What was so incredible about the day, besides spending great time with people that I have come to love, was that for the first time in a very very long time, I had this overwhelming sense that absolutely nothing is missing in my life. I've been a mess lately, trying to improve upon myself and failing, irritated with myself and my job and generally taking a lot of things for granted. I've been lonely. A friend of mine wrote to me recently that loneliness is everywhere, but wants you to think somewhere else, it isn't. She also said that loneliness is wanting, and wanting can be replaced by joy. I felt that today. I don't feel lonely. I miss people, I have catches in my throat at the thought of seeing some people I miss, but I feel pretty complete in my incompleteness. I also had one of the most interesting contradictory feelings I've ever had today. Hanging out with these two couples, these people that have become as big a part of each other's lives as themselves, I thought of how great it would be to have that kind of partnership again. This feeling was accompanied by a real sense of independence and a sense that I don't "need" someone, I just want someone. And that when it's "meant to happen" it will, and that I'm actually okay until then, and can be happy as a clam without. I seem to remember a similar feeling just before I got together with the former most important woman in my life, so who knows what the future holds. All in all, damn good time and place to be alive. Happy Chuseok.

9.03.2008

And that's when it hit me...

It's funny, I've been a bit reclusive and morose lately, but every once in a while something happens to wrench me out of a funk. I just got back from "French Club". Two of my fellow teachers are starting a master's program and have to become fluent in another language, they've chosen French, so here I am, in Korea, learning French. A little ironic. After French club adjourned, I played a few games of chess with Robert, who has been teaching me bits of what he knows about the game. We tried a new stew he had on the boil, and listened to a Beta Lounge set by Pantha du Prince, which is pretty wonderful. I had a great night. It served to remind me of how grateful I am for these two (Robert and his lady, Lisa) from Buffalo that have become such a big part of my life here. Friends are hard to come by in a foreign country, and I'm damn lucky to have such interesting, warm, fuckin' funny, and open-minded people to be around and soak up with my spongy brain bread.

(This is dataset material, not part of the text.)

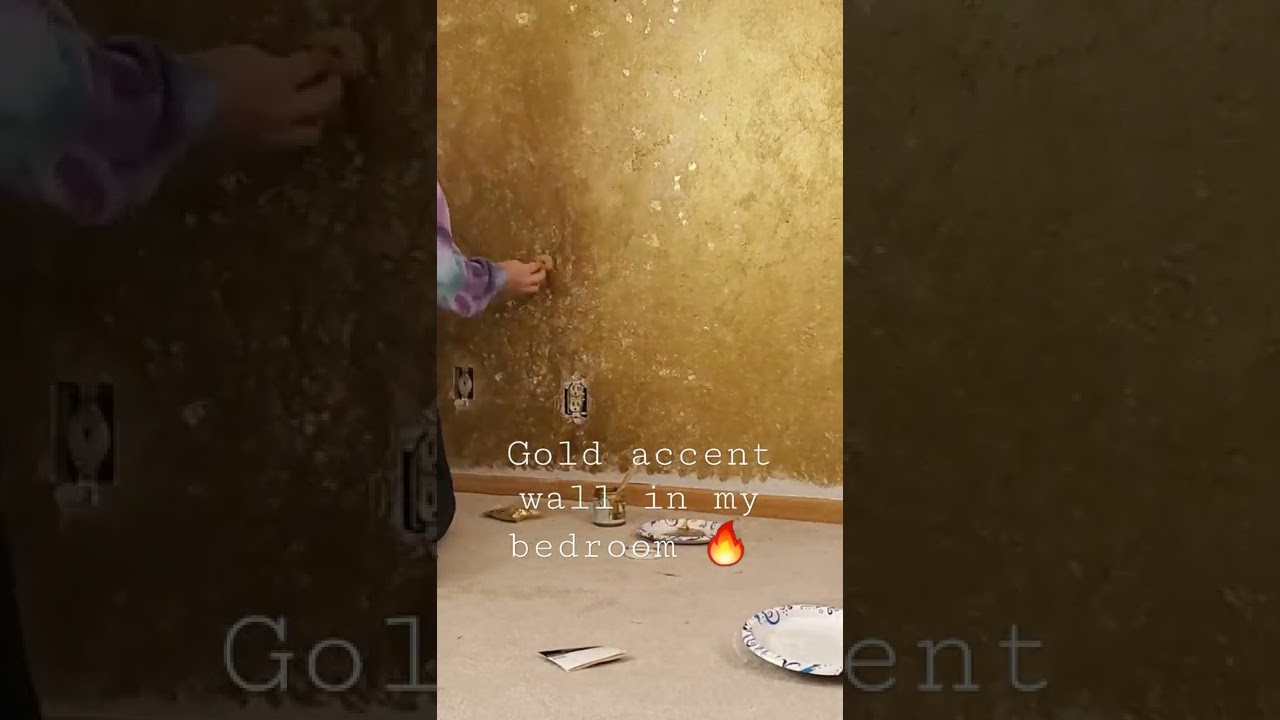 Painted a gold accent wall in my bedroom when we bought our new house #goodvibes #bedroommakeover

I've also got a couple of ideas on the make for theatre pieces for the spring. The roof of the kindergarten below Robert and Lisa's apartment has this overhanging platform as access to a maintenance room or something and it would make a great stage. I've been less than focused and driven in any particular direction lately, so I've resigned myself to the fact that I'm not going to finish any show before winter comes. The nice thing about this is that it gives me until spring to prepare. betalounge.com, for those of you that don't know, is a free online archive of the betalounge sets going back to 1996. These sets are broadcast from hamburg, are five hours long apiece, and are awesome. I can personally reccommend the latest set from Assoto Sounds Connaiseurs. Check it out, registration is free, and gets you access to ridiculous amounts of great music. Click on the title of this post to take you there. They're not paying me anything. But maybe if their fandom in Toronto spikes after people read this post, they'll intuitively send me a check. I'll be checking the mailbox for weeks now.

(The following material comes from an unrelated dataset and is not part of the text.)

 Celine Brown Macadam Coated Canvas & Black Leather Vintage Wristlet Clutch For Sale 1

Not sure what to do about Christmas. Thailand, Japan, Russia, all possibilities. More on this later.
salut!

7.13.2008

and more climbing...

This weekend, Paula, a hip lady from Seoul who found my friend Robert (previously known as R, anonymity be damned.) on a korean climbing website, came over to Sokcho from Seoul and we did some SERIOUS climbing. We spent a good part of saturday doing multiple runs up the local artificial wall near the stadium, and I got to the top for the first time. It was the longest day I've spent climbing (until today) and I was pretty exhausted by the end. Afterwards, we went to a Korean teacher friend's house for a farewell dinner in honour of two long-time Sokcho residents who are moving on to a University job further south after a couple of months back home in B.C. and traveling around. We then moved on to a Karaoke bar (relatively rare in Korea, the private Norae Bang being more the bees knees here) to celebrate another teacher's birthday. Robert and I sang/growled Chop Suey by System of a Down and I headed home early-ish to get some sleep before today's big trek.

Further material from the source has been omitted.